## What to work on:
Every line from the one bearing "Michael Pflüger fällt auf." through the last line of the records below is to be output exactly, and no other line; leave out the pictures.

The data: Begin

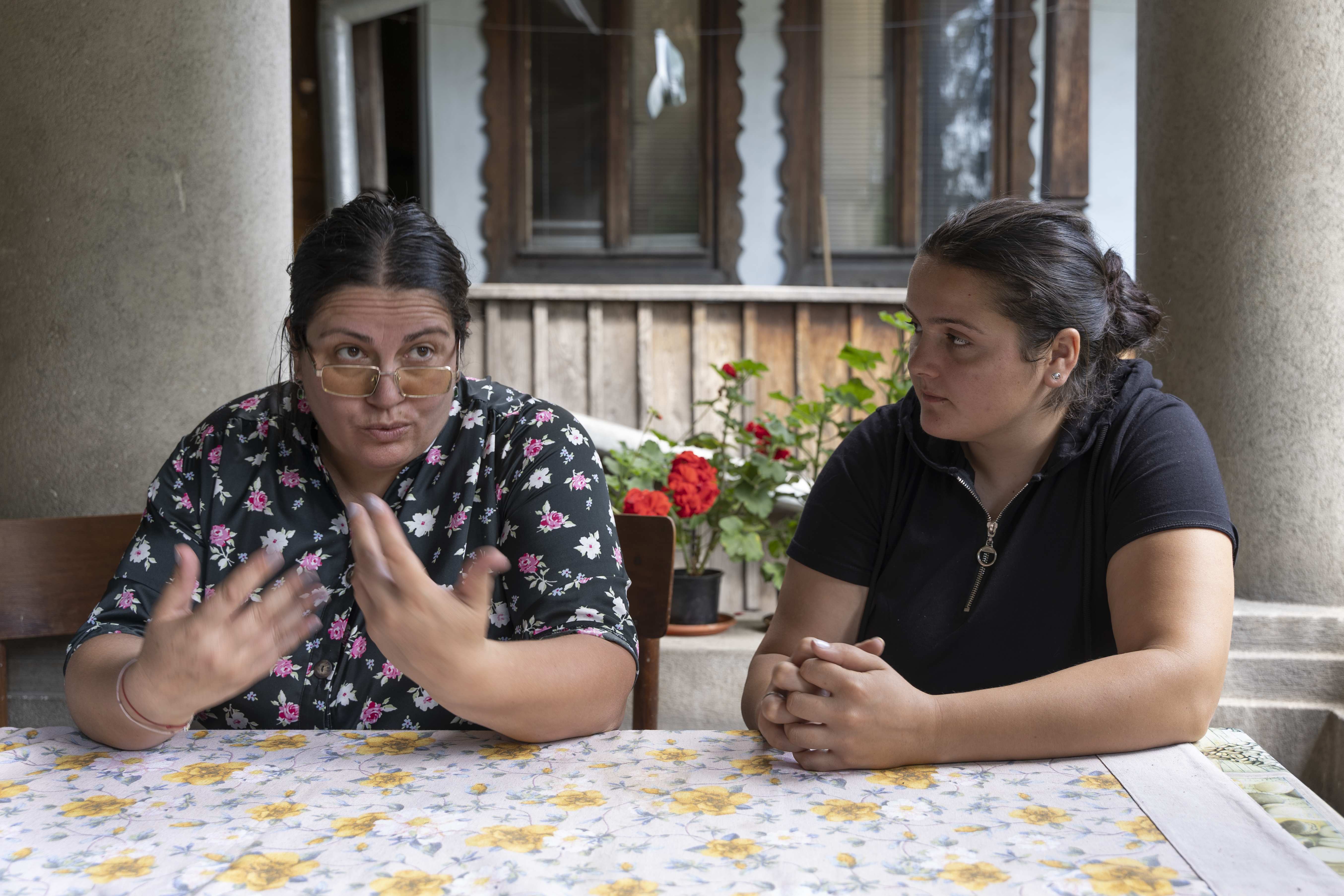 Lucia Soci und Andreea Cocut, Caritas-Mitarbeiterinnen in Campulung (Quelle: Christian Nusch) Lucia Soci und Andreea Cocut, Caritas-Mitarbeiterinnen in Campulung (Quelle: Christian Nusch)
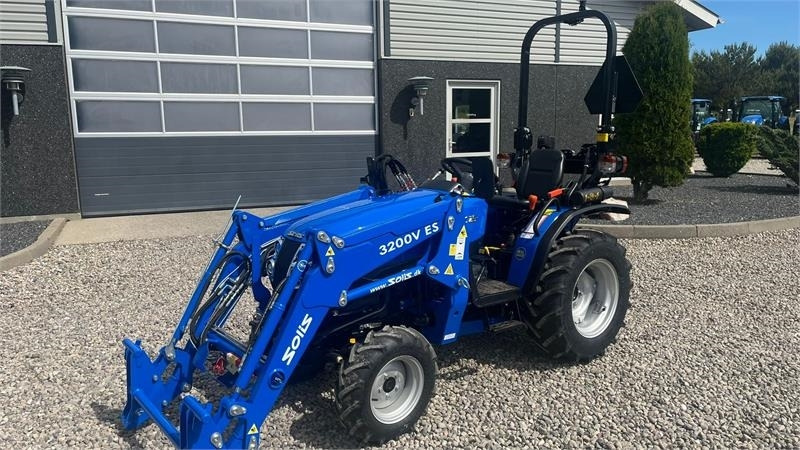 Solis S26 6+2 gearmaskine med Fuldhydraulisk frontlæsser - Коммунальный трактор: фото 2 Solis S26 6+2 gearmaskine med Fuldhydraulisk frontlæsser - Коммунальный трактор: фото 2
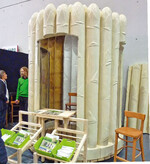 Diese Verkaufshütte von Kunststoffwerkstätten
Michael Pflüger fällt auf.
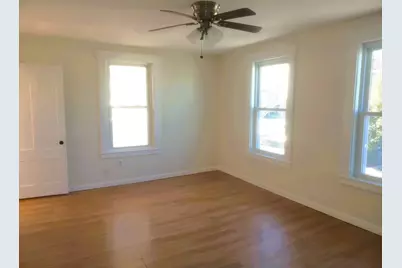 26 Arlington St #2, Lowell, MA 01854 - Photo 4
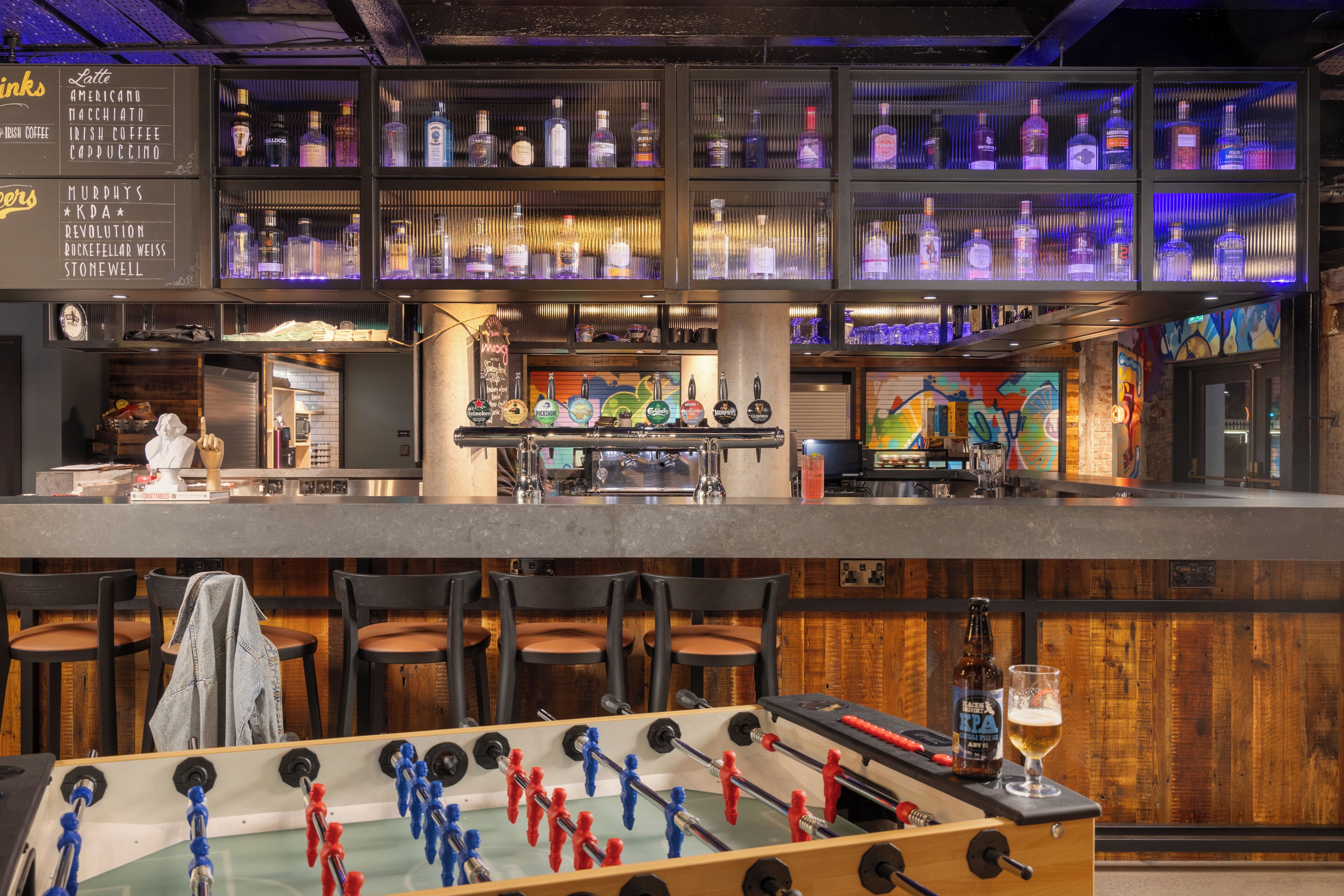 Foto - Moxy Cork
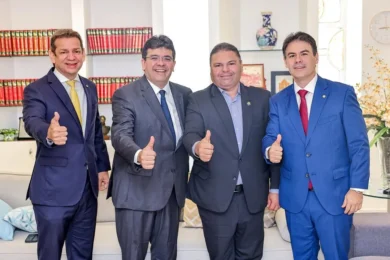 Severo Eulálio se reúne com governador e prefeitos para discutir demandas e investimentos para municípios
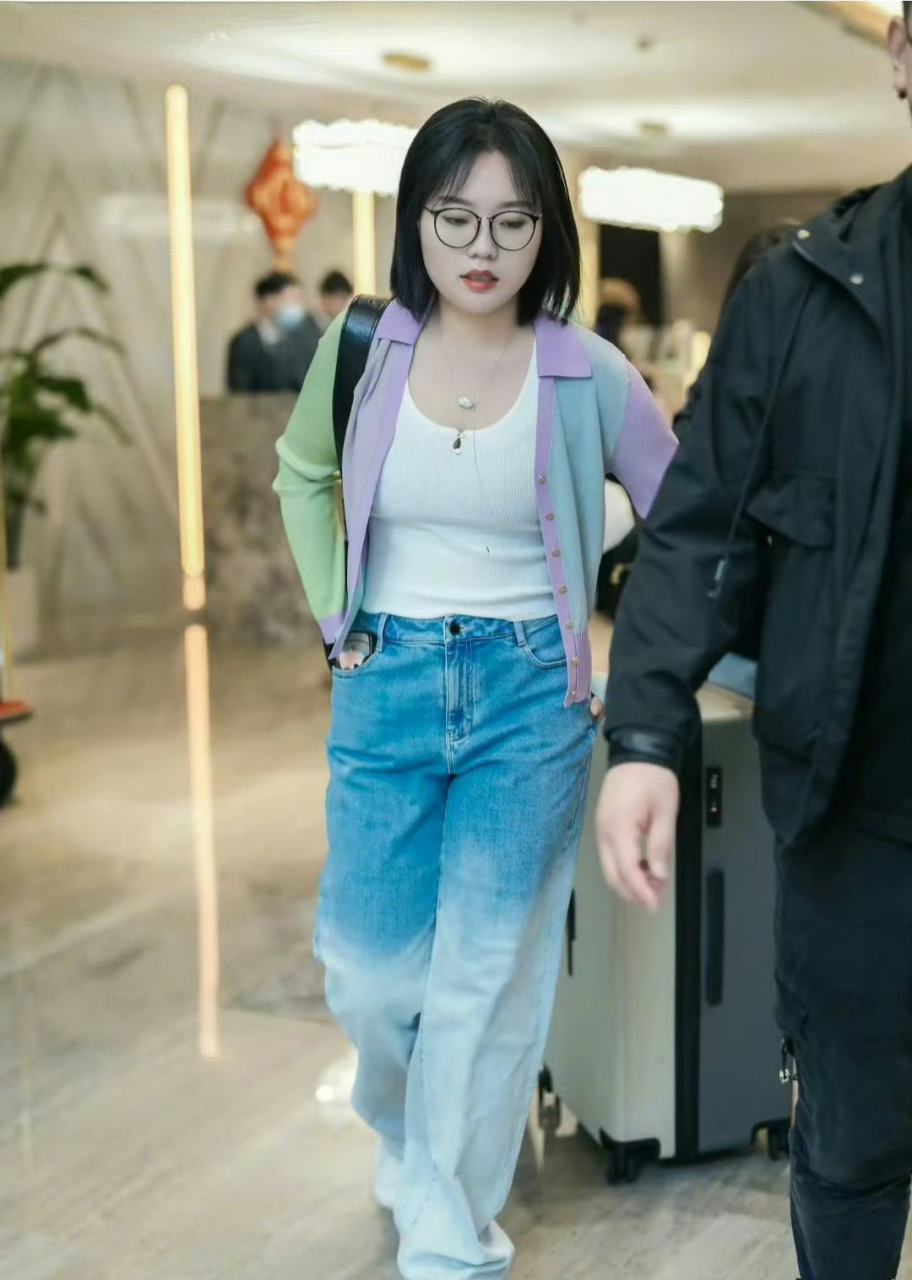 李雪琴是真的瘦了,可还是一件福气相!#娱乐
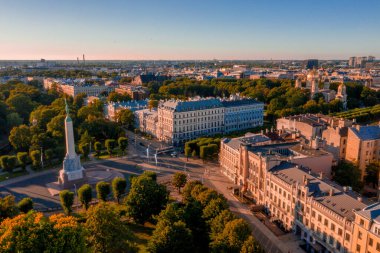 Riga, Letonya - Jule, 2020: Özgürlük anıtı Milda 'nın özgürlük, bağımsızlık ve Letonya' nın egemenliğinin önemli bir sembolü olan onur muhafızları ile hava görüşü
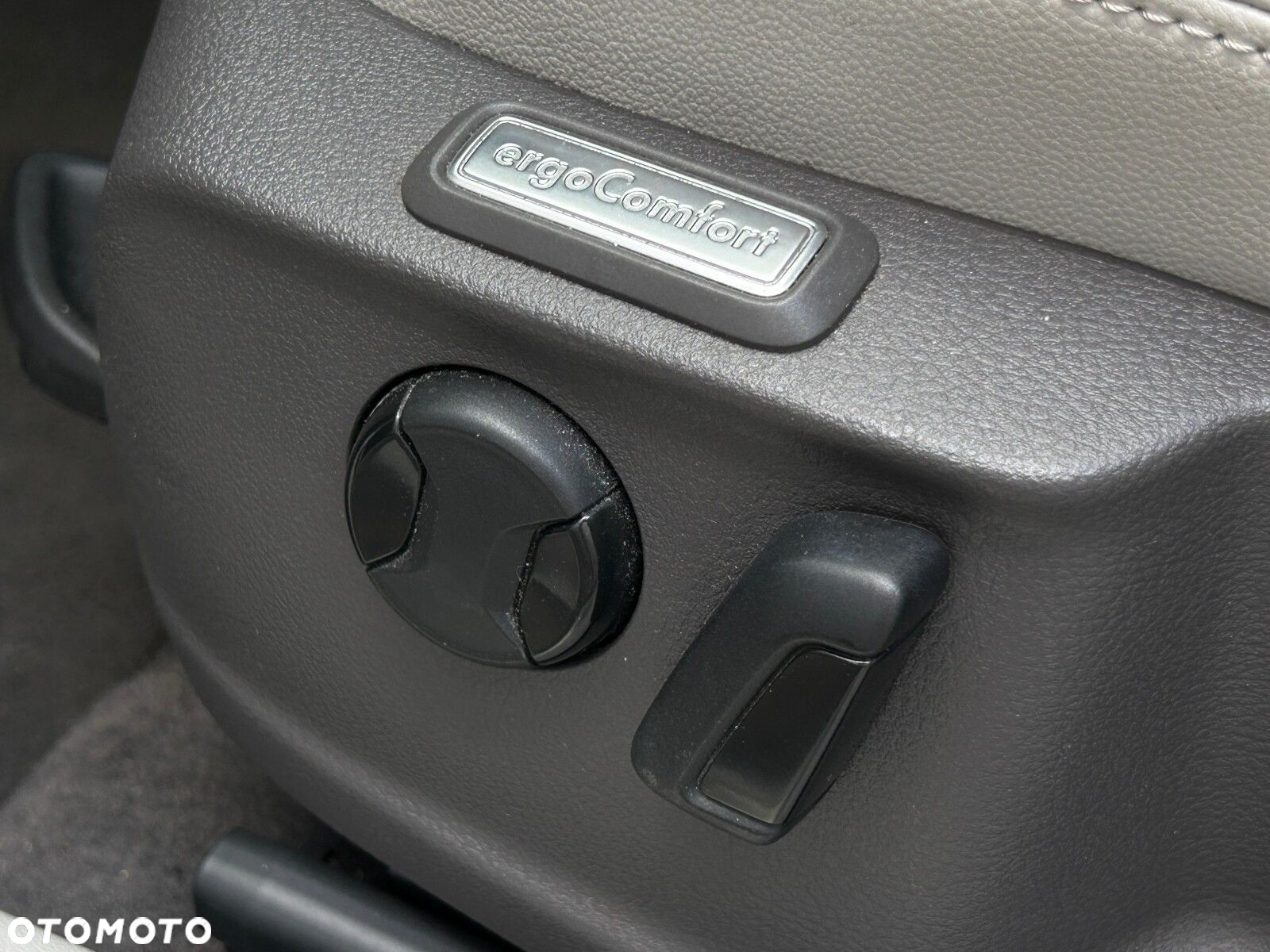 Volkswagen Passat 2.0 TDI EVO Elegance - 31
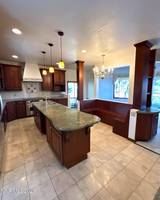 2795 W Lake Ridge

The data: End

## Answer below:
Michael Pflüger fällt auf.
 26 Arlington St #2, Lowell, MA 01854 - Photo 4
 Foto - Moxy Cork
 Severo Eulálio se reúne com governador e prefeitos para discutir demandas e investimentos para municípios
 李雪琴是真的瘦了,可还是一件福气相!#娱乐
 Riga, Letonya - Jule, 2020: Özgürlük anıtı Milda 'nın özgürlük, bağımsızlık ve Letonya' nın egemenliğinin önemli bir sembolü olan onur muhafızları ile hava görüşü
 Volkswagen Passat 2.0 TDI EVO Elegance - 31
 2795 W Lake Ridge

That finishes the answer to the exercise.